For example, attempts by Tbilisi’s vibrant LGBTI community to publicly commemorate the International Day Against Homophobia have been broken up in recent years by church-led conservative groups, sometimes involving physical violence. In 2018, on the very eve of the commemoration of the centenary of Georgia’s social democratic republic, fears of violence led the LGBTI leaders to cancel planned actions.[7]
Does anything remain of social democracy in Georgia? Probably not much in the country’s political parties, but one could argue that the spirit of the Mensheviks is kept alive most notably in the country’s trade unions. Those unions are organised into the Georgian Trade Union Confederation (GTUC), which in 2005 was taken over by younger leaders keen to replace a fossilised, corrupt post-Soviet leadership. They have stubbornly fought to preserve the union’s independence.
In 2017, the leadership of Irakli Petriashvili was challenged from within the GTUC, and he charged the government with interference. His call was backed up the International Trade Union Confederation, to which the GTUC has long been affiliated. Petriashvili prevailed, and the GTUC remains in the forefront of workers’ struggles for better wages and working conditions. [8]

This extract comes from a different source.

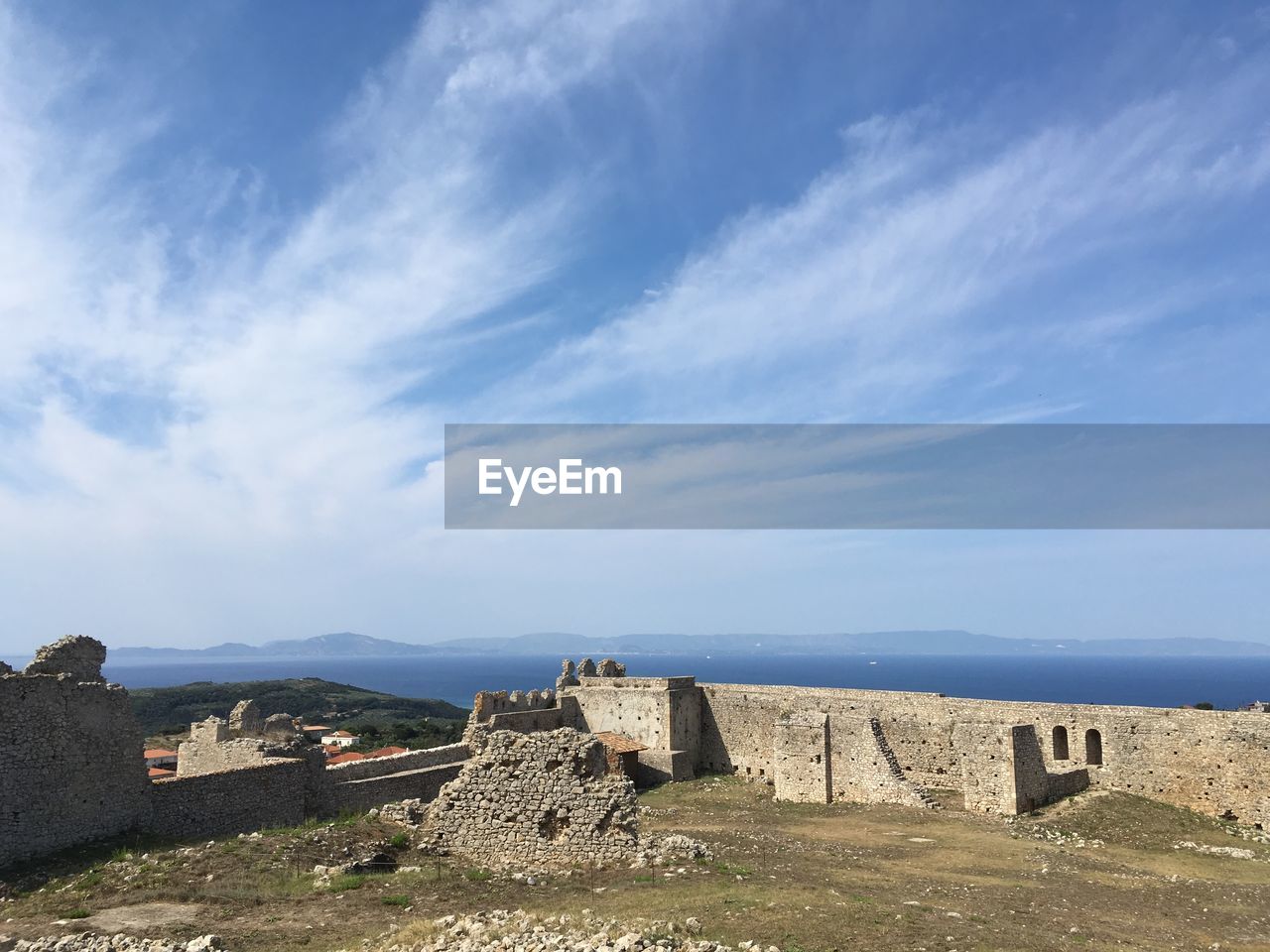 View of fort against blue sky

Last year an attempt to close down a Stalin-era sugar factory in the town of Agara and replace it with a crypto-currency mining operation was met by fierce resistance by workers, who marched the 90 kilometres from their town to Tbilisi. They were joined by left-wing students for part of the march, and eventually they prevailed: the government intervened to keep the factory open. [9]
Later in the year, workers on the Tbilisi metro went on strike, again with some support from students, and this time were told that while they had the right to strike, they could only do so at times when they were not working (e.g. late at night). [10]This prompted more protests and eventually the local government relented.

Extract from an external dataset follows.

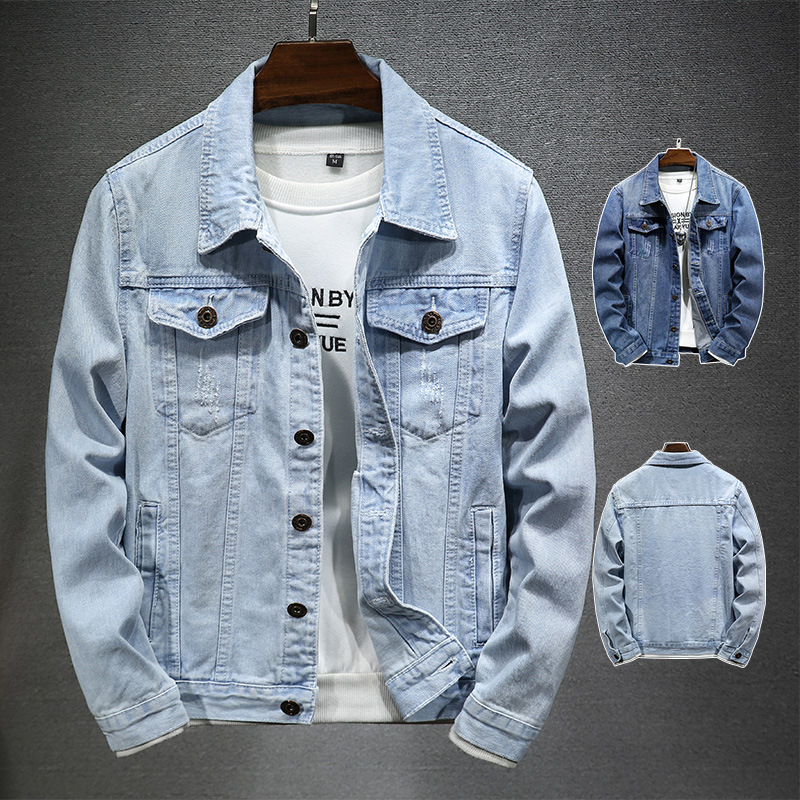 LAZADA New Trendy Men's Jacket Spring and Autumn Light Blue Versatile Korean Version Slim Fit Cool Denim Jacket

There doesn’t seem to be much talk in the unions of the creation of a Labour Party though in 2016 Petriashvili himself made a run for a parliamentary seat in Tbilisi, campaigning as an independent. The campaign was not successful.
The emergence of a student movement that has repeatedly intervened in support of striking railway workers, sugar workers and so on, reminds one of the early days, more than a century ago, in the history of the Georgian labour movement. The Social Democratic Party which ruled Georgia from 1918-1921 came out of the revolutionary student movement of that time. Today there is much talk of a radicalised student movement and the rise of a Georgian “new left”. [11]Maybe Georgian social democracy is going to get a second chance?
About the author
Eric Lee is the founding editor of LabourStart, the news and campaigning website of the international trade union movement. He is the author of several books, the most recent of which is The Experiment: Georgia’s Forgotten Revolution 1918-1921 published by Zed books (see: https://www.zedbooks.net/shop/book/the-experiment/)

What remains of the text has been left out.